- Directed by: Belinda Chayko
- Written by: Stephen Davis
- Produced by: Dr Bruce Redman
- Starring: Jessica Napier Sullivan Stapleton Ryan Johnson Brendan Cowell Hayley McElhinney
- Cinematography: Josef Damien
- Edited by: Nick Meyers
- Music by: B(if)tek
- Production company: Red Movies
- Distributed by: Dendy Films / Beyond Films
- Release date: 2000;
- Running time: 87 minutes
- Country: Australia
- Language: English
- Budget: $A 1.1 million

= City Loop (film) =

City Loop is a 2000 Australian film shot in Brisbane. Locations include Southbank, West End, and Boondall.

The film was produced by Dr Bruce Redman for the Queensland-based production company Red Movies.
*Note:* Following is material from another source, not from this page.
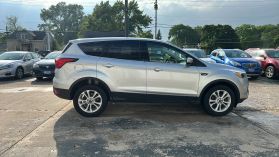 2019 FORD ESCAPE SUV 4-CYL, ECOBOOST, TURBO, 1.5 LITER SE SPORT UTILITY 4D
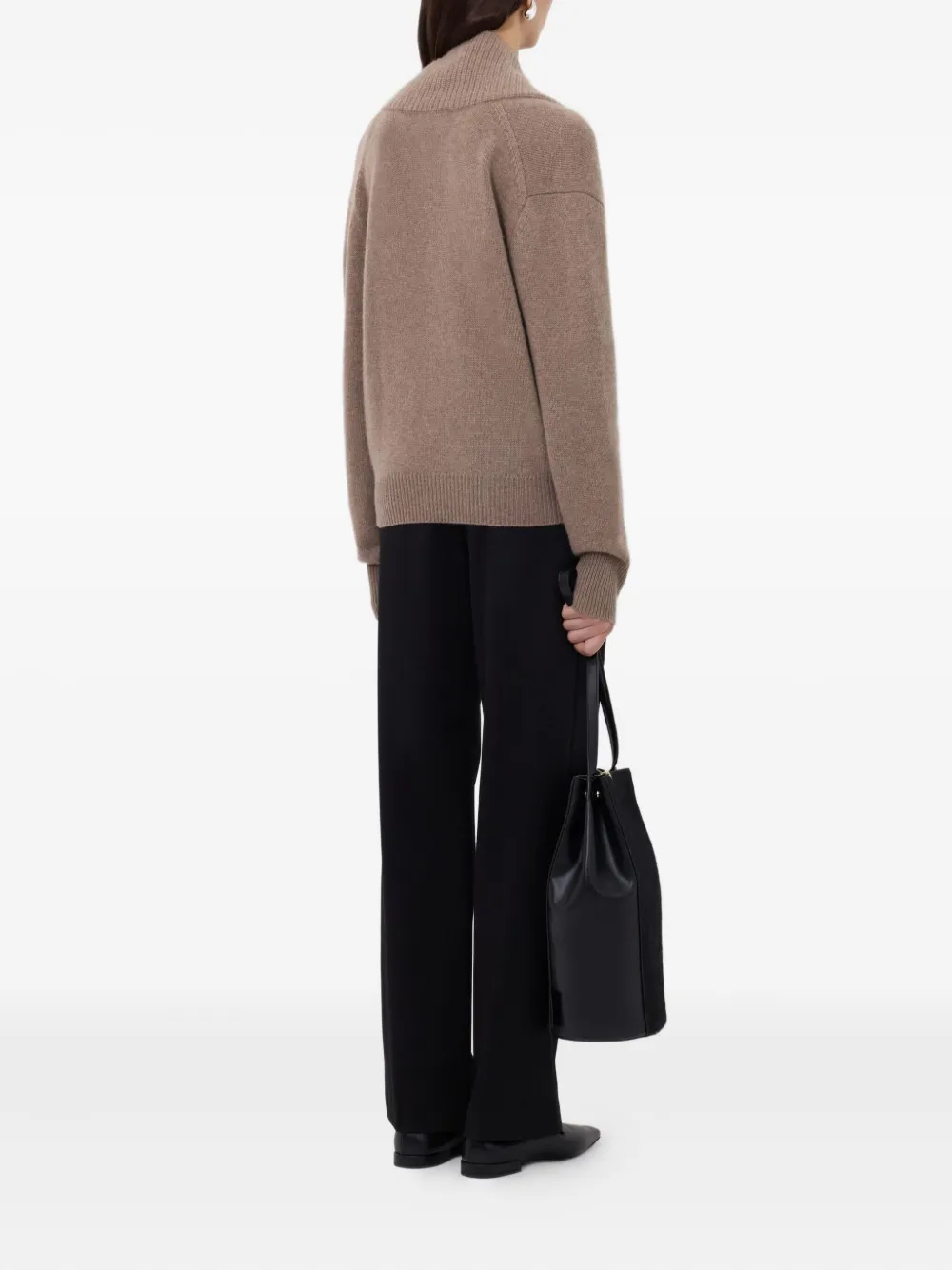 Loulou De Saison Makela Ribbed V-neck Sweater In Brown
It was originally known as Bored Olives.

==Plot==
The plot follows the lives of several characters over a few hours on the same night, centering on a pizza delivery place called Speedy's. The stories are:
- A chef named Dom has a breakdown.
- Misha, a delivery driver, bets he can have sex with his last pizza delivery customer, Sophie.
- Erin, another delivery driver, is in love with her best friend, Robert.
- The boss, Katie, is having an affair with a co-worker, Dom.
- An occasional employee called Stacey has a wild night.

==Cast==
- Sullivan Stapleton as Dom
- Ryan Johnson as Misha
- Jessica Napier as Sophie
- Brendan Cowell as Robert
- Kellie Jones as Erin
- Hayley McElhinney as Katie
- Megan Dorman as Stacey
- John Batchelor as Mr Maxwell
- Jason Gann as Boy Hoon
- Sam Atwell as Security

==Production==
The film was one of five movies produced by the AFC in association with SBS Independent as part of its "Million Dollar Movie Accord" initiative. The others were Fresh Air), A Wreck A Tangle, Mallboy and La Spagnola.

The film was shot on super 16mm, and then blown up to 35mm for a limited theatrical release by Dendy Films.

==Release==
The film premiered at the Asian Film Festival in Tokyo and was selected for screening at the Toronto International Film Festival in 2000.

David Stratton in Variety called the film "a visually strong and well-handled pic about a bunch of unattractive and mostly uninteresting young people. Low-budgeter shows strong directorial talent largely wasted on thin material that's unnecessarily full of tricks."